*** Source data ***
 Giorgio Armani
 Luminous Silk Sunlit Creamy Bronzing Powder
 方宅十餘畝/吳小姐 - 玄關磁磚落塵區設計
***
* Description of the task *
Find the line containing "Luminous Silk Sunlit Creamy Bronzing Powder" in the material above. Print it and every line after it through the end, exactly and only those.

* Result for this exercise *
 Luminous Silk Sunlit Creamy Bronzing Powder
 方宅十餘畝/吳小姐 - 玄關磁磚落塵區設計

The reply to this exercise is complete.